As Native American Heritage Month continues, the Shinnecock Indian Nation will describe their struggle to protect their ancestral and burial lands in a new PBS Independent Lens documentary, “Conscience Point,” which premieres tonight (November 18). The nation resides on a reservation in The Hamptons, New York, an area synonymous with golf courses and multimillion-dollar properties.

“As Native people, you feel a responsibility to your ancestral territory to protect the land as much as we can,” American Indian Movement advocate Rebecca Hill-Genia said in the film. “Its nearly impossible in this day and age, but we’re still gonna do the best we can.” Conscience Point is the site where Shinnecock ancestors met the first European settlers. 
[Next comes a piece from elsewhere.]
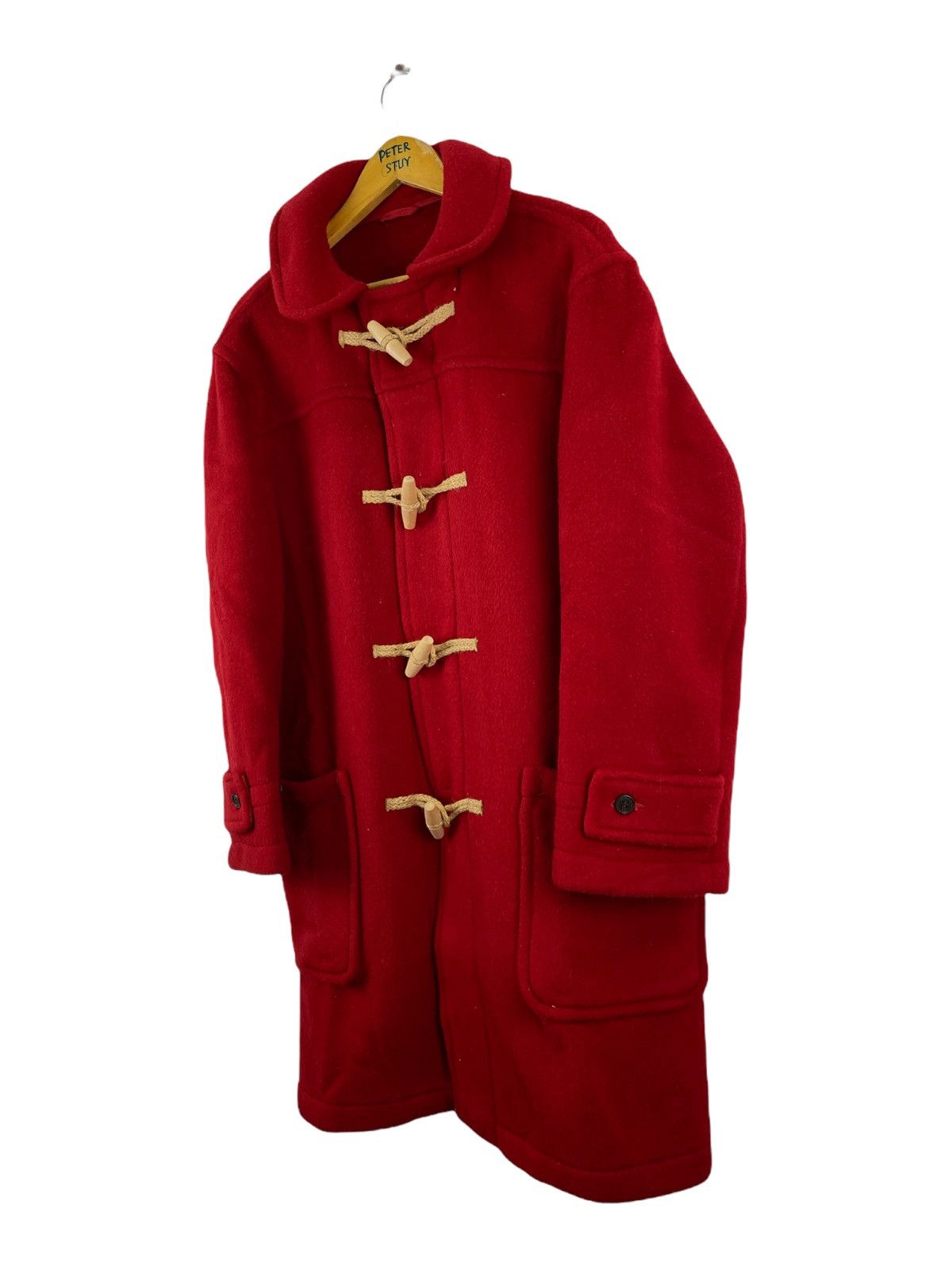 Margaret Howell MARGARET HOWELL DUFFLE COAT Size US L / EU 52-54 / 3 - 2 Thumbnail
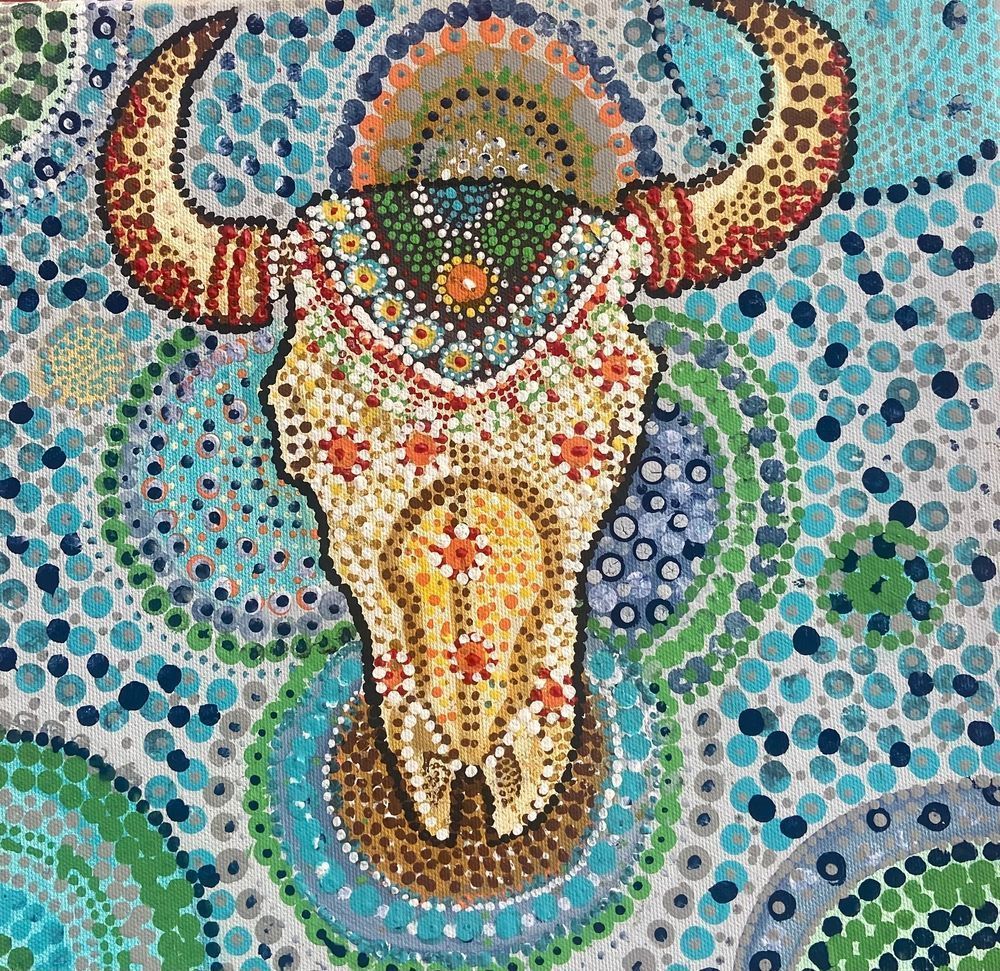 Cráno De Sol Art | darlenecampbell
Directed by Treva Wurmfeld, who summered in The Hamptons as a child, the film follows Hill-Genia and her long-standing battle over The Hamptons’ continual destruction of Shinnecock sacred burial grounds for mansions and marquee attractions. This film highlights the debate over who has rights to the land. “Some people say, ‘My family has been here four, five, six generations,’ well, we’ve been here 400 generations plus,” Hill-Genia said. 

The documentary gathers perspectives from a land developer, local officials, Shinnecock members and longtime fishermen and farmers who blame the developers and summer-vacationers for the destruction of the Shinnecock Bay’s ecological system. The changes to the environment are then compounded by the extreme wealth gap. “In 1640 when the first settlers arrived, we gave them eight square miles of land to use which is now current day South Hampton Village and we’ve paid the price for it ever since,” said Lance Gumbs, Shinnecock tribal trustee. “Here we sit in the middle of the lifestyle of the rich and famous and yet 60 percent of our people in our community are below the poverty level. That’s a problem.” 

The other problem that looms largely in this film is the blatant disrespect felt by the Indigenous people. Shinnecock Hills Golf Club, for example, was carved out of a sacred burial ground and uses a Shinnecock image in its logo, yet refuses to allow Shinnecock members access to the land. “This land was stolen from us,” Gumbs said. “Flat out, hands down, no questions, stolen.” Small victories are won, though the film showed that even those came with a price.